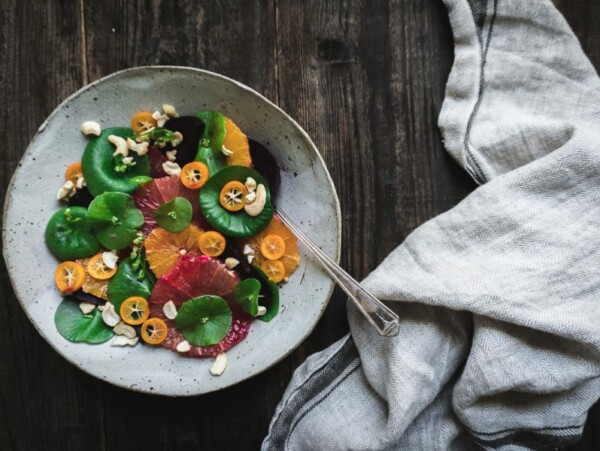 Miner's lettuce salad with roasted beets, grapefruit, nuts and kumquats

==

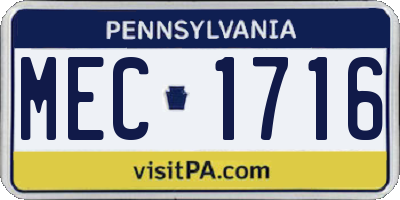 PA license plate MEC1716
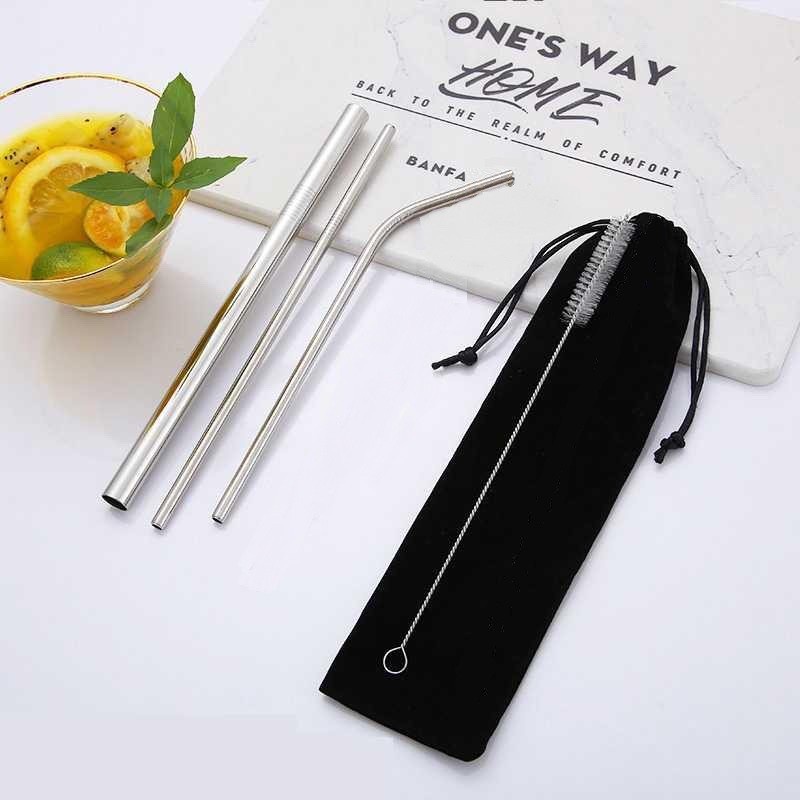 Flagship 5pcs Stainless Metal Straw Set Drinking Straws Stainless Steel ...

...

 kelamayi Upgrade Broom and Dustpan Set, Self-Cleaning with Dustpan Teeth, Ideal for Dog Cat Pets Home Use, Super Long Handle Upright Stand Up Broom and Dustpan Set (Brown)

Exercise instructions -
Excerpt from the records above: set down only the lines from the one that contains "PA license plate MEC1716" through the one that contains "Flagship 5pcs Stainless", inclusive, word for word. Pictures stay out.

Exercise response -
 PA license plate MEC1716
 Flagship 5pcs Stainless Metal Straw Set Drinking Straws Stainless Steel ...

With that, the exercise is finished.